From Events to Insights: Memgraph Production Telemetry Stack with AWS, ClickHouse, and Grafana

By Matt James

9 min readMarch 2, 2026

We needed production telemetry that answers engineering questions in minutes, not hours. The core requirements were durable raw storage, efficient batching, and fast aggregations over semi-structured events.

This article explains the architecture we use today with AWS, ClickHouse, and Grafana, including why we keep raw data as the source of truth and how batching lets us scale without turning telemetry into a separate platform team.

Why We Needed This Stack

At Memgraph, we build and operate a distributed graph database that runs in a wide range of environments, from local developer machines to large production deployments. As usage grew, so did the importance of understanding how Memgraph behaves in the real world.

Telemetry plays a key role in that understanding. It allows us to answer questions like:

How are different Memgraph versions being used?
Which features see the most adoption?
How does the system behave across deployment types and workloads?
Where should we focus our engineering effort next?

Early on, simpler approaches were sufficient. But as the volume, variety, and importance of telemetry data increased, we needed a more robust solution that could handle high ingestion rates, long-term retention, and flexible analysis without becoming an operational burden.

The result is our current production telemetry stack, built on AWS, ClickHouse, and Grafana. Together, these tools let us collect raw events at scale, transform them into meaningful metrics, and explore the data interactively while keeping the system reliable and cost-effective.

In the sections that follow, we’ll walk through this architecture in detail, starting with a high-level overview and then diving into how each component fits into the overall system.

High-Level Architecture

At a high level, our telemetry system is designed as a pipeline that turns raw events into actionable insights, while keeping each stage loosely coupled and independently scalable.

The flow looks like this:

Memgraph deployments emit telemetry events
Events are ingested through AWS-managed infrastructure
Raw data is stored durably in Amazon S3
Telemetry data is batched and ingested into ClickHouse
Grafana provides dashboards, exploration, and alerting

Memgraph telemetry technical architecture

This separation allows us to scale ingestion, storage, processing, and visualization independently, depending on where the bottlenecks are.

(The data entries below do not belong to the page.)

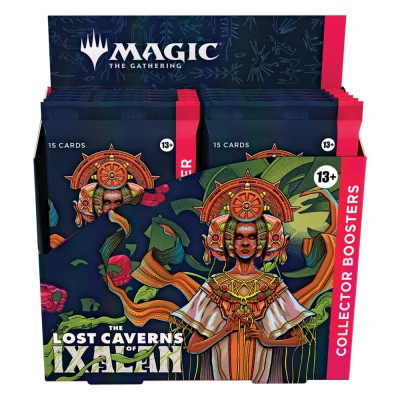 Lost Cavern of Ixalan - Collector Boosters Box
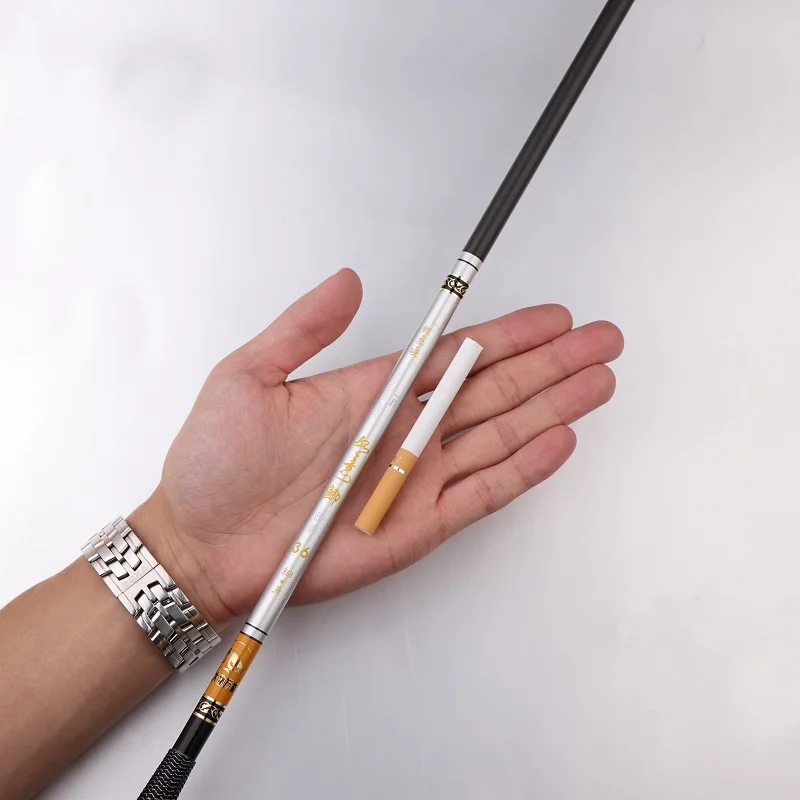 

Telescopic Carp Fishing Rod Soft and Thin Taiwan fishing rod 3-7 hardness Power Hand Pole Rod for Stream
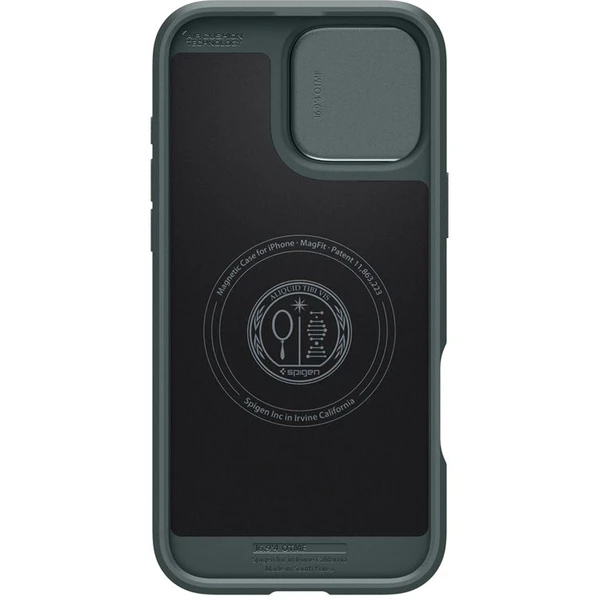 Spigen Optik Armor MagSafe kryt iPhone 16 Pro abyss green - Pouzdra - Obrázek ab6d08dd9f364673893f0016267c5a6e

Telemetry events enter the system over HTTPS and are routed through a lightweight edge layer before reaching our ingestion API. From there, events are written to durable object storage, giving us a reliable source of truth for all incoming data.

Before data is loaded into ClickHouse, we run a batch processing step. Importantly, this step performs minimal transformation of the telemetry payloads. Rather than aggressively reshaping or normalizing the data, we preserve the original request JSON almost entirely. The primary purpose of this stage is to batch together hundreds of thousands of small telemetry requests into compact, daily Parquet files, which makes downstream ingestion and querying significantly more efficient.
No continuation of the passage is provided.